Jurgen was born into the cultural hot-house of postwar Hamburg in 1941, and trained at its illustrious art-school. When in 1960, an unknown Beatles came to play in residence at a club in the town's red-light district, they were befriended by this gifted young photographer, and his 'Existentialist' colleagues Astrid Kirchherr and Klaus Voormann: the creative spark that flared between those two groups was to transform a generation. Jurgen began by turning the very precise images he would formulate in his mind into the photographs which many (The Beatles included) believe defined the band's early, rocker incarnation. His most famous Beatle image is the cover of Lennon's 1975 Rock'nRoll album.

 


In 1961, Jurgen moved to Paris to work as assistant to the famous photographer and director William Klein, and found himself a part of the city's influential rive gauche community. In September of that year John Lennon and Paul McCartney came to visit him there. It proved to be a very influential week. They bought themselves many of the fashionable clothes he was sporting, and it was there that John and Paul asked Jurgen to cut their hair like his own, and it was he - in his Montparnasse hotel-room - who turned their hairstyles into what became famous worldwide as the 'Beatle cut'.

During the early Sixties, Jurgen worked for Klein as a fashion photographer. For himself, however, he made studies of the street youth and the environment of their lives, to serious acclaim. Pictures he took of Nureyev, his first 'celebrity', in 1966 are considered by many to be best taken of dancer-artist. By the late Sixties, Jurgen was a stills photographer on European movie sets. Already he was working with the famous director Alain Resnais; and amongst his subjects were Catherine Deneuve and Yves Montand.
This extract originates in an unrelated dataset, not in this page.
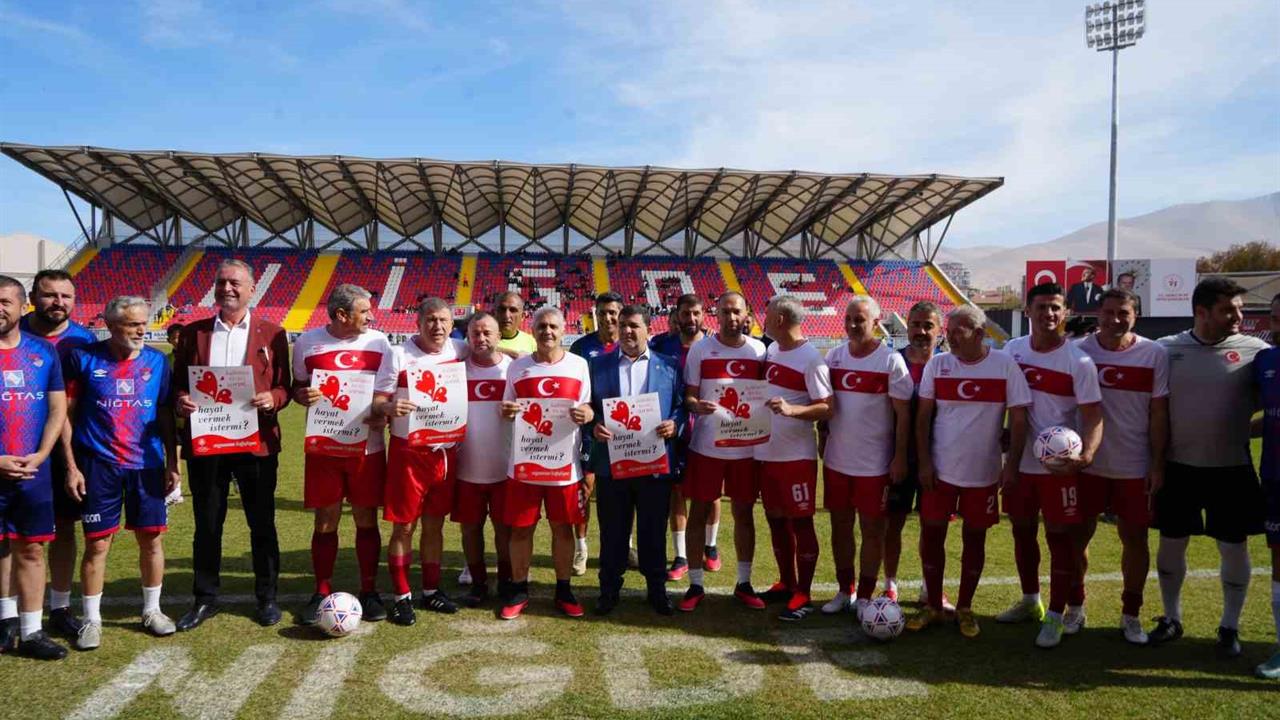 Niğde'de Efsane Futbolcularla Dostluk Maçı Düzenlendi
On a film shoot in New York in 1971, Jurgen fell in love with the city and did not return to Europe with the film crew. He became a still photographer on America's East Coast, and stayed in vibrant New York for some years, making his name in the Eighties and Nineties as one of the most highly sought-after film-star and movie- still photographers.
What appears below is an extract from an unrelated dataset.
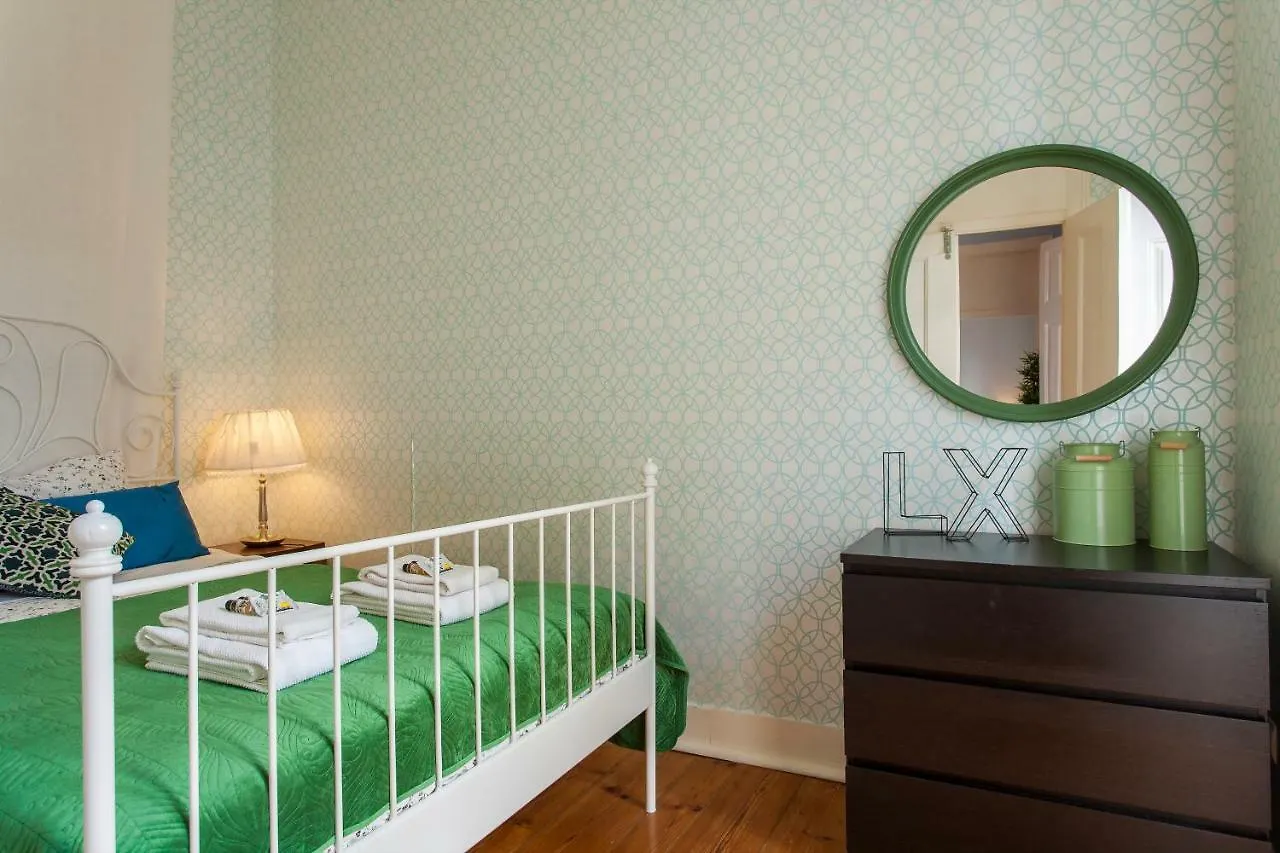 דירה ליסבון Bairro Alto 3 Bedroom Patio Flat! פורטוגל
Jurgen moved to Hollywood in 1988, there becoming a regular under directors ranging from Francis Coppola and Barry Levinson to Roman Polanski, Lawrence Kastan and Norman Jewison. His images are instantly recognizable throughout the world. His iconographic photos rank among them studies of Arnold Schwartzenegger, Madonna, Barbra Streisand, Nastassja Kinski, Jeanne Moreau, Robert Redford, Isabella Adjani, Dirk Bogarde, William Burroughs and John Travolta. His photos are always front-of-house material.